Boston Symphony’s 2022-23 season to feature works addressing social and cultural issues

Posted on: April 21, 2022

The Boston Symphony Orchestra and Music Director Andris Nelsons perform at Boston’s Symphony Hall. Photo: Michael Blanchard

“Haunted by the horrors of the war in Ukraine, the Boston Symphony Orchestra is sounding a decidedly somber note … for its 2022-23 season,” writes William Kole in Wednesday’s (4/20) Associated Press. The season “will include a three-week festival in March dubbed ‘Voices of Loss, Reckoning and Hope’—a musical exploration of racial injustice, civil rights and gender inequity…. The orchestra … will perform … Dmitri Shostakovich’s Symphony No. 13—a five-movement denunciation of Stalinism based on poems by Yevgeny Yevtushenko. The first movement [invokes] a Nazi massacre of Ukrainian Jews.
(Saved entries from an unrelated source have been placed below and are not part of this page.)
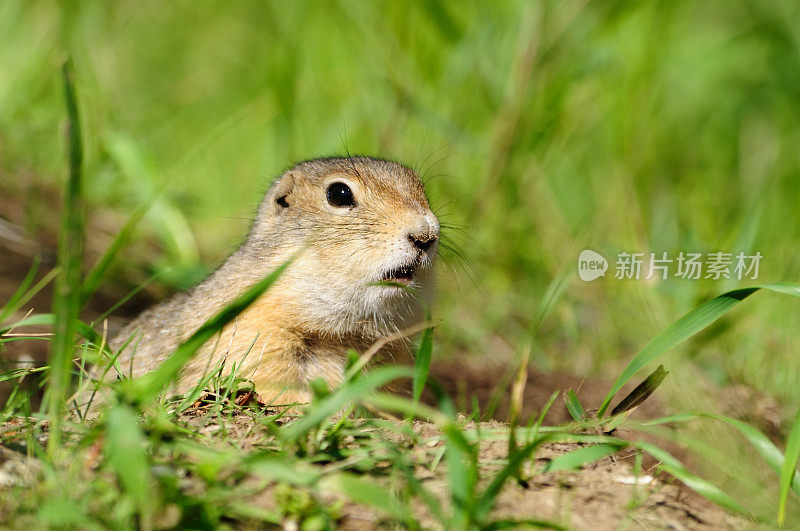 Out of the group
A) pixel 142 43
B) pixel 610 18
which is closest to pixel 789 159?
pixel 610 18

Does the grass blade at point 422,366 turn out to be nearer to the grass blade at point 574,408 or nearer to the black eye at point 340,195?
the grass blade at point 574,408

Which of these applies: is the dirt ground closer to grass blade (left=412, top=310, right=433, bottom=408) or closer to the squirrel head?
grass blade (left=412, top=310, right=433, bottom=408)

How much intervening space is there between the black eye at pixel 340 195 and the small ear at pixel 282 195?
0.89 ft

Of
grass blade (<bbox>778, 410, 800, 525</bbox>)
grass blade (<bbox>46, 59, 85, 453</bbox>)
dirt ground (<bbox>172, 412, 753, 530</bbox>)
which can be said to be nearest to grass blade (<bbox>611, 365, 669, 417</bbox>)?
dirt ground (<bbox>172, 412, 753, 530</bbox>)

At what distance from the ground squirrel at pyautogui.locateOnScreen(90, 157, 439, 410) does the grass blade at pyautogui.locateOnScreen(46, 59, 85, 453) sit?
2.62ft

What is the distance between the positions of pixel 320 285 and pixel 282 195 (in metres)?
0.74

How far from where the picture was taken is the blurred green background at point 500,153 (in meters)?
4.58

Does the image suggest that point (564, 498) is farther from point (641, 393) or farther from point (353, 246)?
point (353, 246)

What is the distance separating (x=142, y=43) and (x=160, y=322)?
6131mm

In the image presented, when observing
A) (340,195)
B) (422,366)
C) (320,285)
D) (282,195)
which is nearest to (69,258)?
(422,366)

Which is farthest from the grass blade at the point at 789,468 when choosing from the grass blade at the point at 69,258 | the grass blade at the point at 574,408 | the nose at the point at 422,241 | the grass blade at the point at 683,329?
the grass blade at the point at 69,258

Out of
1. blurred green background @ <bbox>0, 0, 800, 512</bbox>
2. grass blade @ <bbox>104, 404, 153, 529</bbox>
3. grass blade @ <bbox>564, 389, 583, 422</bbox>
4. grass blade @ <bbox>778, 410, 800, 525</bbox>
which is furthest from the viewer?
blurred green background @ <bbox>0, 0, 800, 512</bbox>

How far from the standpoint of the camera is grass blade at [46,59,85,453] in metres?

Omer Meir Wellber will direct the BSO in the American premiere of Israeli composer Ella Milch-Sheriff’s ‘The Eternal Stranger,’ which captures the hostility and rejection experienced by refugees and others…. Other concerts will feature … Górecki’s ‘Symphony of Sorrowful Songs’ … and … Osvaldo Golijov’s ‘Falling Out of Time.’… Featured in the March festival will be … Julia Wolfe’s ‘Her Story,’ [about] the continuing struggle for women’s rights…. Also highlighted: Anthony Davis’ clarinet concerto, ‘You Have the Right to Remain Silent,’ with soloist Anthony McGill, about the emotional consequences of encounters with law enforcement; and Uri Caine’s ‘The Passion of Octavius Catto,’ [about] the titular 19th-century Philadelphia civil rights activist.”